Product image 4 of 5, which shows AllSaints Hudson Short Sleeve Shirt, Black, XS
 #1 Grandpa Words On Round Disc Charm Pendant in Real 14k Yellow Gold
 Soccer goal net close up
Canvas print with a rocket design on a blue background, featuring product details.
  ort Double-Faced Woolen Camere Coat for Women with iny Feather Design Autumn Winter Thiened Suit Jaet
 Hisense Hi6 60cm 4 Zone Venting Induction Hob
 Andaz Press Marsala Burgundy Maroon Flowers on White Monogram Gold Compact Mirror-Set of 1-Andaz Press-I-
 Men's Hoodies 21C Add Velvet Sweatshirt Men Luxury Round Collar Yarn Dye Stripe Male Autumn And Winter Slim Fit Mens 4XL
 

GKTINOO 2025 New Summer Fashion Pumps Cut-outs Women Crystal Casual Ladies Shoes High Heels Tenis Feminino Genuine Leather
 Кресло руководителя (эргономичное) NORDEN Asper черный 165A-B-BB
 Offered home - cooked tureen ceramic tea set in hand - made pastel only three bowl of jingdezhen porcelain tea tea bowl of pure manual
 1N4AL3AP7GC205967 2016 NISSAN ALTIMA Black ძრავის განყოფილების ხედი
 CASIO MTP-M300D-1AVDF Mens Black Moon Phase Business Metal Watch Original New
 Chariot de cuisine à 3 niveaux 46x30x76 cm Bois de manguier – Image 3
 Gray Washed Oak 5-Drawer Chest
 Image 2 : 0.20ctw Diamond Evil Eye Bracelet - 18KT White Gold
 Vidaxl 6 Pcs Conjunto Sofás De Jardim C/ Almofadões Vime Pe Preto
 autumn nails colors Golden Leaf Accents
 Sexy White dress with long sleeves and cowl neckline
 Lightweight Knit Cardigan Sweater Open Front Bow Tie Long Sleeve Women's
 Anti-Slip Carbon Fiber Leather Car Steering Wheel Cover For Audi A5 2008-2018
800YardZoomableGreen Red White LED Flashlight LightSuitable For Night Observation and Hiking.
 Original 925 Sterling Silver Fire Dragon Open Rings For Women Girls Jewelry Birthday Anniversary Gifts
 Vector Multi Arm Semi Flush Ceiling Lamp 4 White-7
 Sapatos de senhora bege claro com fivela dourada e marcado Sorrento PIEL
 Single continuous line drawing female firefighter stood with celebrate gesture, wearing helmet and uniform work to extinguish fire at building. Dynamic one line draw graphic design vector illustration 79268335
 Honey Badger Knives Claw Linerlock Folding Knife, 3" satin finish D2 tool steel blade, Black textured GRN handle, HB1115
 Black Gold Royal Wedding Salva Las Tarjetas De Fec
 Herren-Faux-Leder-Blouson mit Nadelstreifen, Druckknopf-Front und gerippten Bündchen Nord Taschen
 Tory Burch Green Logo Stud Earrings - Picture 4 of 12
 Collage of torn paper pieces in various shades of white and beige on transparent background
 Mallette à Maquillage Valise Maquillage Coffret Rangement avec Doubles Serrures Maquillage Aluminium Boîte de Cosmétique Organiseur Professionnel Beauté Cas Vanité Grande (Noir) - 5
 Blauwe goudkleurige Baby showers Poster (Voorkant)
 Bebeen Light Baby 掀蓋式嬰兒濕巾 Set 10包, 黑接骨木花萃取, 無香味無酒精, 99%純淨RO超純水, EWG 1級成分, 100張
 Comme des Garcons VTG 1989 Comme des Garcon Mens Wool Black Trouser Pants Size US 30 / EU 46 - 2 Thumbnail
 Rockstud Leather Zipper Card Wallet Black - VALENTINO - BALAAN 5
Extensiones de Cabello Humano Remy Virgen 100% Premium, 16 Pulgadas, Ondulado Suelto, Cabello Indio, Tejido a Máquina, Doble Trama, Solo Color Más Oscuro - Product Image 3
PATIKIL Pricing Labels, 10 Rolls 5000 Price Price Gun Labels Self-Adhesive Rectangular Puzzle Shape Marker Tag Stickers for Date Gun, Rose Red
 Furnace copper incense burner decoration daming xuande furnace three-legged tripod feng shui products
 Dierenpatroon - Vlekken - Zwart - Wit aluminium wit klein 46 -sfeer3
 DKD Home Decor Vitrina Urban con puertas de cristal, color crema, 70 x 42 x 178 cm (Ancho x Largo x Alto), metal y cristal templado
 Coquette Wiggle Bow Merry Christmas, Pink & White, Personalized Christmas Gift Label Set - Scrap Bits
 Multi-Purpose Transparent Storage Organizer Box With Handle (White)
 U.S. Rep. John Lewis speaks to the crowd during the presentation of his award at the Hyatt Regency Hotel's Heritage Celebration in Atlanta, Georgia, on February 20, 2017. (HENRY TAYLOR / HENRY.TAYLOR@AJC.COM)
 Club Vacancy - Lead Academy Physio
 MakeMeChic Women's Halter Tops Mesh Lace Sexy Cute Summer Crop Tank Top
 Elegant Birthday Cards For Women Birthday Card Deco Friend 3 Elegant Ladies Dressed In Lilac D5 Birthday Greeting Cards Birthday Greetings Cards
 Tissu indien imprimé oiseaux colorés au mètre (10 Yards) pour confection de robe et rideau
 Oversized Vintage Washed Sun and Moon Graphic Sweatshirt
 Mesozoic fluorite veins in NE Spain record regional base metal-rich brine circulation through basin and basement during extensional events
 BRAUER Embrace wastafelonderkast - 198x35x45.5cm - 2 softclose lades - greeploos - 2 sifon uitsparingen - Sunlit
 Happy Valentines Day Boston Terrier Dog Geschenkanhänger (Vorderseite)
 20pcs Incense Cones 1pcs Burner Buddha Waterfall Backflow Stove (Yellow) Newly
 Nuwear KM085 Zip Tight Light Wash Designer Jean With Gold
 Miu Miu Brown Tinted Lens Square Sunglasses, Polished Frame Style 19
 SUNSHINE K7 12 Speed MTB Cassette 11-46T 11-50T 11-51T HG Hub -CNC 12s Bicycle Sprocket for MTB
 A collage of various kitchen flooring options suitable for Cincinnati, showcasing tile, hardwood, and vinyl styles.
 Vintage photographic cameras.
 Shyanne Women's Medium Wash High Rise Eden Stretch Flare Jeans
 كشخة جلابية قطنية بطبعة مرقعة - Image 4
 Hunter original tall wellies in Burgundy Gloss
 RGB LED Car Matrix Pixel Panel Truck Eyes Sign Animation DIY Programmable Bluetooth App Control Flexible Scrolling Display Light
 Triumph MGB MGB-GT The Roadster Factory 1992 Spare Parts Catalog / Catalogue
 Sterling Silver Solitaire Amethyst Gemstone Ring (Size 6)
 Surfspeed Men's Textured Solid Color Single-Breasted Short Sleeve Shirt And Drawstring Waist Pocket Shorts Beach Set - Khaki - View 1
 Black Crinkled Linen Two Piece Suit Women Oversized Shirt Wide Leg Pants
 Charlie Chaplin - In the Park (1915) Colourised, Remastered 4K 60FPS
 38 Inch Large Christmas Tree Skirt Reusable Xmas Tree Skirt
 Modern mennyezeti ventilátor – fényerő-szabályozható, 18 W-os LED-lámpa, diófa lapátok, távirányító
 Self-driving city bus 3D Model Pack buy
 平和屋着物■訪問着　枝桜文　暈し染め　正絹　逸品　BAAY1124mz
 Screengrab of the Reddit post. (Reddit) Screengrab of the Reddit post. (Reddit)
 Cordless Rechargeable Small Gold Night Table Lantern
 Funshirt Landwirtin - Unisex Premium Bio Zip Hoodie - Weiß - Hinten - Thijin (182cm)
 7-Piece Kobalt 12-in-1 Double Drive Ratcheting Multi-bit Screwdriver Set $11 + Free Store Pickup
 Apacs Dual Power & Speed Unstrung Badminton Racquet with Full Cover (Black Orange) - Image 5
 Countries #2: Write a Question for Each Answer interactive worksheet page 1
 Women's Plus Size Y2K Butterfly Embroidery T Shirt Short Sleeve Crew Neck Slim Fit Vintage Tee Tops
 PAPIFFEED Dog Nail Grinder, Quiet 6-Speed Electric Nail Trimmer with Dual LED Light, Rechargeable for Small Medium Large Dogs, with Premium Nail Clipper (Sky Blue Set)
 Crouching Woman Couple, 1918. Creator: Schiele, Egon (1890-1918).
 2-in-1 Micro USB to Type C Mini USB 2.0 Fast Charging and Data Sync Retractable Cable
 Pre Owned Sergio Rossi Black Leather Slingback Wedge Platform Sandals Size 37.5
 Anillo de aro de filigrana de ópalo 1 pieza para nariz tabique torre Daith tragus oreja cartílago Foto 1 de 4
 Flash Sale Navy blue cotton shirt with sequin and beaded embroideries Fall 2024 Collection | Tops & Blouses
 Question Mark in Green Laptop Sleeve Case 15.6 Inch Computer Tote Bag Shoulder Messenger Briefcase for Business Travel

#####

*To do:* Whenever a line of the data above holds the word "Premium", it counts once; report the total number of such lines and nothing more.

*Answer box:* 3